KLAS Analyst: Challenges Persist in Making Data Useful at Point of Care
A new study from KLAS Research finds that although ambulatory care EHR vendors and their customers are making progress on connecting to external data sources, less progress has been made on making that data useful to clinicians at the point of care. In a recent interview with Healthcare Innovation, Paul Warburton, senior market research analyst for KLAS, described why most of these EHR customers are still expressing dissatisfaction.
Warburton, co-author on the study, noted that although KLAS interviewed “deep adopters” of several ambulatory and enterprise EHR vendors about interoperability issues, several vendors were given F grades in some areas, and the highest overall grades are in the B range. I asked him why that was happening.

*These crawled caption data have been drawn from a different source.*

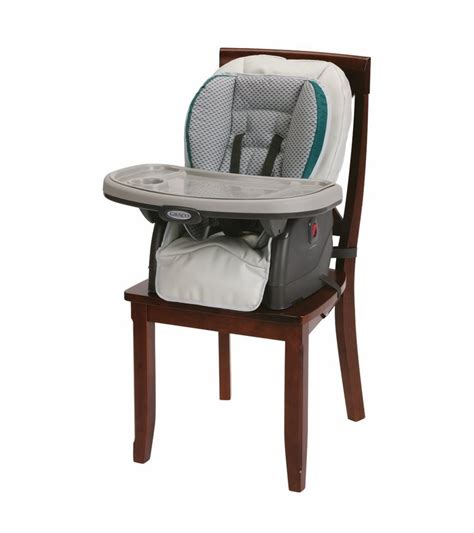 Graco Blossom 4 In 1 High Chair Sapphire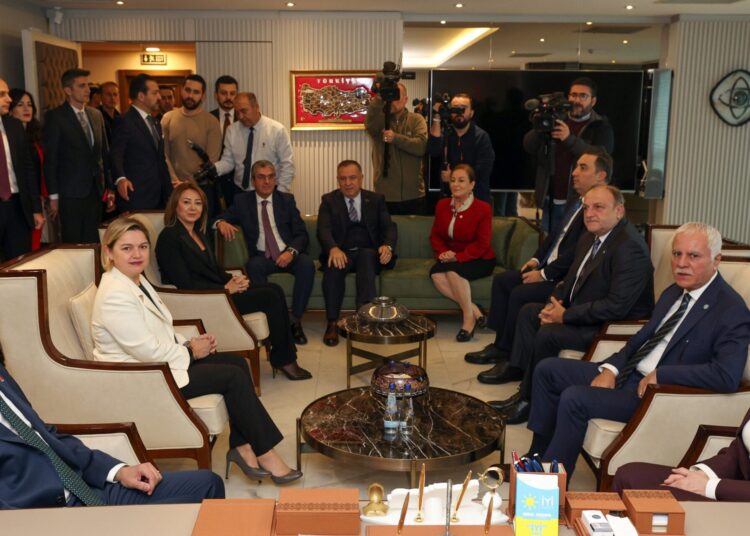 Akşener, İYİ Parti’nin Ankara ilçe başkanlarına ‘ittifakı’ sordu: Sürpriz sonuç çıktı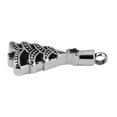 thumbnail image 3 of Collar de urna de cremación Joyería conmemorativa Hoja / Redondo / Colgante de corazón Plata Zulema  Memorial, 3 of 6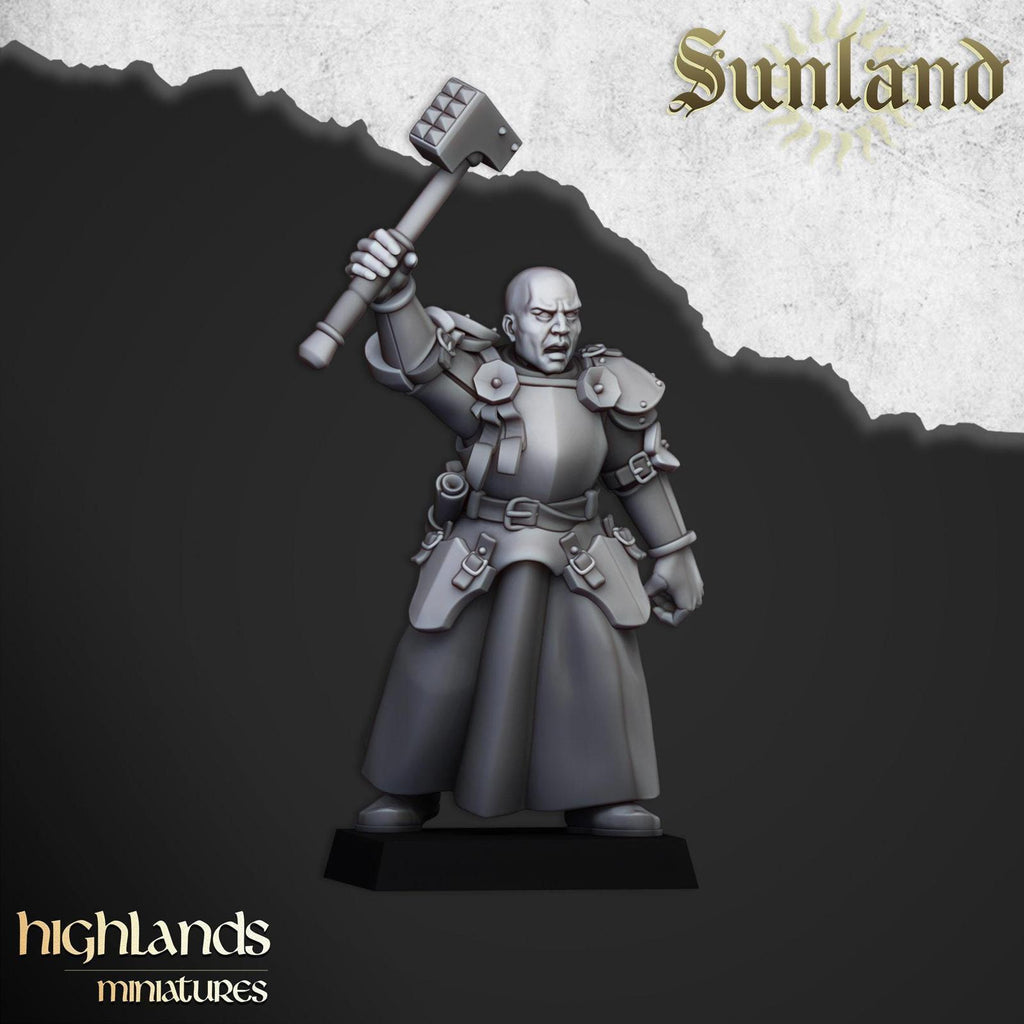 Sunland Altar on Chariot | Highlands Miniatures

He said many providers imagine interoperability will work like this: With a click of a button, discrete data will flow from fields in an external athenahealth record into a Cerner record, for example, in their system that is already in a hospitalist’s workflow. But when you talk to vendors about interoperability, what they're talking about is getting data to a place where it can be ingested, Warburton explained. The data sits in a holding bin and is marked “external.” On the provider side, just having to go to a different place to review it is seen as a burden that slows down the physician, he added.
A Cerner-based provider might have reached out through a health information exchange and received patient records from an Epic site and something from NextGen — they're now looking at three different things that are not reconciled, Warburton said. “Much of that data they don't even care about, because it doesn't deal with the specific challenge that they're seeing this patient about right now. It's not actionable or usable at the point of care,” he said. However, the vendors look at that and see it as a success. For them, interoperability means you have the data. But from the clinicians’ perspective, it's still not in a usable format at that point. Getting it to that last mile of usability is a challenge, and this is where you start to see the big variation in which deep adopters have resourced appropriately to take these records, ingest them and make them more useful to the clinicians, he said.
Does that raise the question of whether it is the EHR vendor’s job or the provider organization’s job to do that work of cleaning up the ingested data?
“That's a great point,” Warburton said, “because there are EMR vendors willing to say, ‘hey, for an additional price we will provide an IT consultant resource — someone who will help map the data flow and make sure it's more seamless than it has been in the past,’ but it isn’t cheap. It is further demonstrating that even among deep adopters and those who are really committed, this is still a very resource-intensive work. The health systems that are big enough and well-resourced enough will foot the bill to improve clinician experience and make it work seamlessly, but what you typically see is that most healthcare systems don't have those kinds of resources.”
As a follow-up, I asked Warburton if he had a sense of how big a consideration these interoperability issues are in EHR purchasing decisions compared to other features or issues.
“Of the big problems that providers are aggressively attempting to address, No. 1 would still probably be interoperability; No. 2 would be all things attached to revenue cycle, and part of that is tied to adopting technologies to help them take on downside risk,” he said. “And then No. 3 would be physician usability.”
I then asked him whether this focus on interoperability tends to drive customers toward the enterprise vendors because they have more resources and experience dealing with the interoperability issues?
“It certainly is a driver,” Warburton said. “However, there's really only one vendor that gets traction for their platform in ambulatory because of the interoperability benefits, and that is Epic.”
I wondered whether certain EHR vendors are doing better at FHIR API adoption to support interoperability, and whether the provider organizations say that it is important to them to see progress on that?
“Most of the vendors in this report have made significant investments in FHIR development, and have those APIs available for third-party connections. However, adoption on the provider end is actually pretty low, except for certain use cases,” Warburton said. “Really, what it's going to come down to is not just vendors building a FHIR API, but having a large chunk of your customers that need it for a certain use case. Today, the most common third-party use case that's getting traction is tied to a remote patient monitoring/telehealth solution. You need a sweet spot of a great use case between provider, vendor and the EMR data, and there are just not a ton of them out there where you kind of have that perfect intersection.”